Итак, «искусство есть та же природа», и «произведение искусства есть произведение природы, такое же рожденное, а не сотворенное»; «самоволия художника» не существует, «художник – земля, рождающая, и рождающая всё» (СС5, 346). Природа же не свята и не грешна. Но здесь Цветаева и обрывает параллель: «земля, рождающая, безответственна, а человек, творящий – ответственен». Эта ответственность есть ответственность, налагаемая на художника культурой: «Земля в раю яблока не ела, ел Адам. Не ела – не знает, ел – знает, а знает – отвечает. И поскольку художник – человек, а не чудище, одушевленный костяк, а не коралловый куст, – он за дело своих рук в ответе» (СС5, 347). Иначе говоря, художник принадлежит природе, но, будучи человеком, знает культуру, и эта двойственность его естества, как в зеркале, отражается в создании его рук: «Нравственный закон в искусство привносится, но из ландскнехта, развращенного столькими господствами, выйдет ли когда‐нибудь солдат правильной армии?» (СС5, 347). Во внеэтическую стихию искусства художник стремится внести человеческую этику, но искусство этому сопротивляется, и смена «господств» тех или иных этических идей лишь «развращает» его.
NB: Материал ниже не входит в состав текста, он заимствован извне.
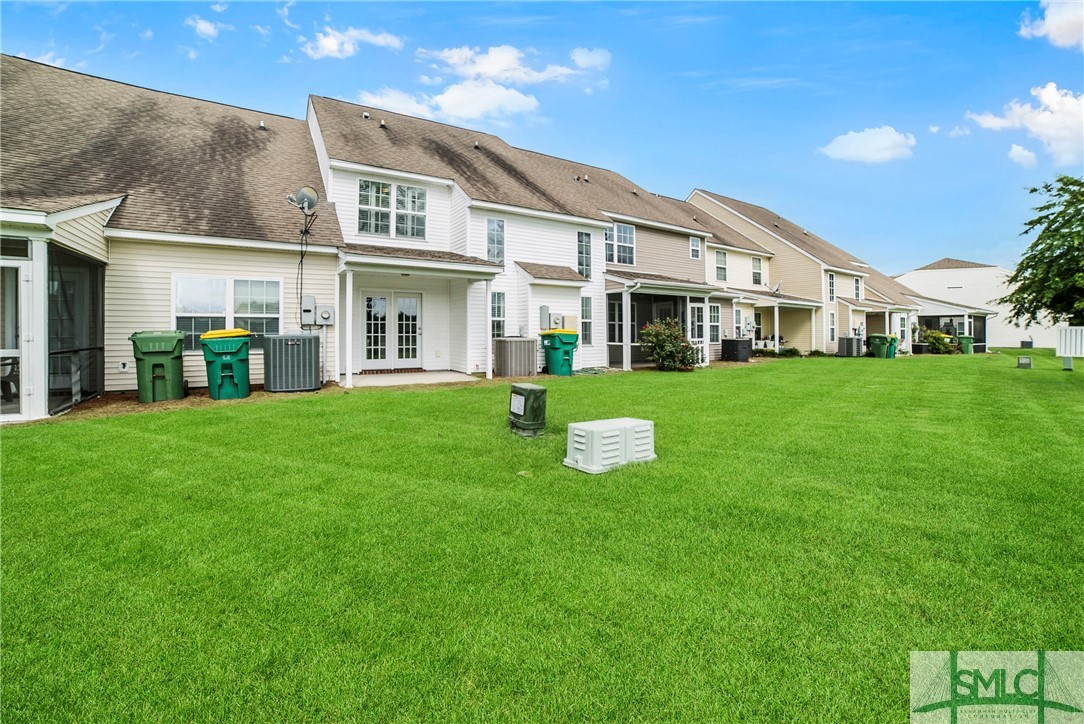 230 Opus Court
Правда, Цветаева специально выделяет явления, о которых можно сказать, что они «еще не искусство» или «уже не искусство», но «больше, чем искусство» (СС5, 356): это наивные или неровные по способам художественной выразительности, но бесспорно высокие по своему духовному пафосу тексты. Однако главным объектом интереса в ее статье являются не они.
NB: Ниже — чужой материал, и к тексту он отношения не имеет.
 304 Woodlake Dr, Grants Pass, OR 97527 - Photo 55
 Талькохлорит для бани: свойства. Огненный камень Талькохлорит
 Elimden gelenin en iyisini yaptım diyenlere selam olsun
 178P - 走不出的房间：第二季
Силы природы – стихии; «наитие стихий» на художника – то, что лежит в основе всякого творческого импульса и результатом чего является всякое произведение искусства. Через динамику взаимодействия сознания художника со стихиями может быть описан масштаб его дарования:
Гений: высшая степень подверженности наитию – раз, управа с этим наитием – два. Высшая степень душевной разъятости и высшая – собранности. Высшая – страдательности и высшая – действенности.
Дать себя уничтожить вплоть до какого‐то последнего атома, из уцеления (сопротивления) которого и вырастет – мир.
Ибо в этом, этом атоме сопротивления (-вляемости) весь шанс человечества на гения. Без него гения нет – есть раздавленный человек, которым (он все тот же!) распираются стены не только Бедламов и Шарантонов, но и самых благополучных жилищ.
Гения без воли нет, но еще больше нет, еще меньше есть – без наития. Воля – та единица к бессчетным миллиардам наития, благодаря которой только они и есть миллиарды (осуществляют свою миллиардность) и без которой они нули – то есть пузыри над тонущим. Воля же без наития – в творчестве – просто кол. Дубовый. Такой поэт лучше бы шел в солдаты (СС5, 348).
Таким образом, произведение искусства – результат взаимодействия психики художника со стихиями. Результат этот может быть трагическим, если стихии окончательно побеждают волю человека; отсюда исходит, по Цветаевой, угроза перерастания творческого состояния в сумасшествие. Искусство как «последний атом сопротивления стихии во славу ей» является ничем иным, как волевым актом выведения стихии за пределы индивидуальной психики художника, т. е. воплощения ее: «Весь Вальсингам – экстерриоризация (вынесение за пределы) стихийного Пушкина. С Вальсингамом внутри не проживешь: либо преступление, либо поэма. Если бы Вальсингам был – Пушкин его все равно бы создал» (СС5, 351). Именно песню Вальсингама из «Пира во время чумы» и выбирает Цветаева, чтобы показать стихии в действии:
Есть упоение в боюИ бездны мрачной на краю.
Упоение, то есть опьянение – чувство само по себе не благое, вне-благое – да еще чем?